Now I don't look at life where I'd say, 'Oh gosh, my life's over if I don't have films anymore.' My approach is that there's so much more for me to do.
Films happened to me accidentally when I met Marc Robinson in a hotel in Goa, where my mum worked as a supervisor. I would often go there, and the manager there would see me and tell my mom that I should try being a model.
I don't like being called a celebrity. So much so that I find it very uncomfortable looking at myself on the screen.
For me, a very chilled out day would be me on my couch or cooking, sitting with one or two friends watching TV or films over a glass of wine.
You are a human being and are allowed to be imperfect, and you are allowed to be flawed. There is a lot of beauty in your imperfections, in your uniqueness.
I love wearing very simple colours.
I have been singing since the time I was two. My mom says I would sing Gujarati songs with my grandmother when I was a kid.
'Barfi!' was a beautiful film. I'm proud to be associated with it.
Acting is a career where you keep learning with every film you do.
The reason I did 'PPNH' was because I wanted to do something different, wacky, and mainstream after 'Barfi!'
There are some actors that I know I won't do a film with no matter how good the film is.
I enjoyed every experience that life offers.
I don't like the way my arms jiggle.
I do use social media as a gateway into my personal life, but only to a certain extent. When I don't want to, I pull the blinds down.
It might sound cowardly, but I do agree that if you speak out about the casting couch, it will end your career.
I am not one of those people who want to work 24/7.
I didn't realise how much I was alienating people. I would constantly refuse to go out when friends would call. At one point, I didn't realise I was at home for a week.
My mum is a rock star, and I idolise her. She was born in a conservative Muslim family, where the girls were not educated much, and she was required to wear a burkha. She felt repressed but dreamt of driving her own car, walking around in jeans and wearing sunglasses, and she did.
I like that with social media, you can choose how much you want to reveal. If there is an issue that requires clarification, at least you can turn to social media. You know it's coming from the horse's mouth.
Love yourself for who you are, and trust me, if you are happy from within, you are the most beautiful person, and your smile is your best asset.
I was always a very self-conscious person and was picked on for my body type.
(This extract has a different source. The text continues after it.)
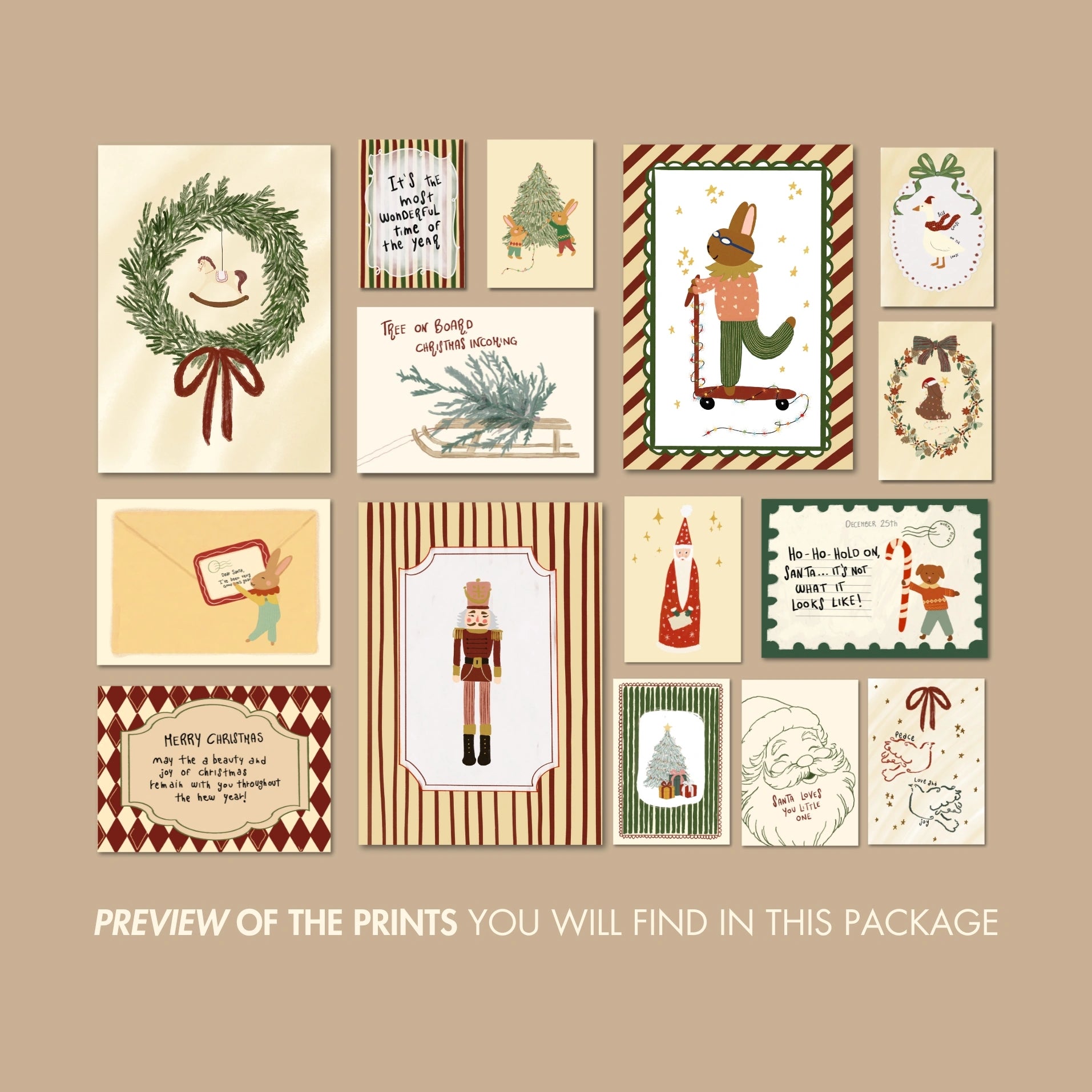 Hand-Drawn Nursery Holiday Set of 17 Prints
I used to feel low and sad all the time, but didn't know I was suffering from depression and Body Dysmorphic Disorder till I got help.
The elegance of a sari or the flirtiness of a lehenga is matchless.
I love music, I love to sing, but I am terrified of singing in public.
I would say the most difficult part of film-making is dealing with people you are working with and trying to forget the drama that goes behind the scenes.
If you are visible in the whole film, but there is no depth in your role, then the role is not significant.
I am being selfish here by saying this, but I believe 'Barfi!' helped me the most. It got me recognition and respect.
Eleven years of acting it has been for me, and I still sometimes think I am not cut out for this. I hate the people-pleasing that goes with it, and the stupid politics, but that is with every kind of work and job.